START TASK INPUTS

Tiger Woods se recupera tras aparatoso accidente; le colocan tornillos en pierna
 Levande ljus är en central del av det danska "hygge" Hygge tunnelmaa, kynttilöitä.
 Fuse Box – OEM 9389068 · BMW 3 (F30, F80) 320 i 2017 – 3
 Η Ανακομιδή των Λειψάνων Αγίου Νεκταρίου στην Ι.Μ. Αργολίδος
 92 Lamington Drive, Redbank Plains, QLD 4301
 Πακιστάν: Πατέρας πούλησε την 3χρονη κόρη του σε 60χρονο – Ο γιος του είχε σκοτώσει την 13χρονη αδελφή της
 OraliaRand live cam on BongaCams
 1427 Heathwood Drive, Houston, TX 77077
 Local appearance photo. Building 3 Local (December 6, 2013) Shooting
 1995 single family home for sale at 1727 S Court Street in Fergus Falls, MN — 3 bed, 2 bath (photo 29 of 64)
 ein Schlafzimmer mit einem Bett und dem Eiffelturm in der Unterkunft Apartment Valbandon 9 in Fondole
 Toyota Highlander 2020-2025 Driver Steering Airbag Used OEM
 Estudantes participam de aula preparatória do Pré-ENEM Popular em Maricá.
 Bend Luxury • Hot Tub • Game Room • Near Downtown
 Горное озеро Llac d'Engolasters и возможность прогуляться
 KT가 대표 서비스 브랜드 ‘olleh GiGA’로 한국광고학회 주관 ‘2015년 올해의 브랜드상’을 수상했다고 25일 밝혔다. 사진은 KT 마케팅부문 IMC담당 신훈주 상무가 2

END TASK INPUTS

### WHAT IS NEEDED
All records must be repeated exactly, with none skipped.

### TASK RESULT
Tiger Woods se recupera tras aparatoso accidente; le colocan tornillos en pierna
 Levande ljus är en central del av det danska "hygge" Hygge tunnelmaa, kynttilöitä.
 Fuse Box – OEM 9389068 · BMW 3 (F30, F80) 320 i 2017 – 3
 Η Ανακομιδή των Λειψάνων Αγίου Νεκταρίου στην Ι.Μ. Αργολίδος
 92 Lamington Drive, Redbank Plains, QLD 4301
 Πακιστάν: Πατέρας πούλησε την 3χρονη κόρη του σε 60χρονο – Ο γιος του είχε σκοτώσει την 13χρονη αδελφή της
 OraliaRand live cam on BongaCams
 1427 Heathwood Drive, Houston, TX 77077
 Local appearance photo. Building 3 Local (December 6, 2013) Shooting
 1995 single family home for sale at 1727 S Court Street in Fergus Falls, MN — 3 bed, 2 bath (photo 29 of 64)
 ein Schlafzimmer mit einem Bett und dem Eiffelturm in der Unterkunft Apartment Valbandon 9 in Fondole
 Toyota Highlander 2020-2025 Driver Steering Airbag Used OEM
 Estudantes participam de aula preparatória do Pré-ENEM Popular em Maricá.
 Bend Luxury • Hot Tub • Game Room • Near Downtown
 Горное озеро Llac d'Engolasters и возможность прогуляться
 KT가 대표 서비스 브랜드 ‘olleh GiGA’로 한국광고학회 주관 ‘2015년 올해의 브랜드상’을 수상했다고 25일 밝혔다. 사진은 KT 마케팅부문 IMC담당 신훈주 상무가 2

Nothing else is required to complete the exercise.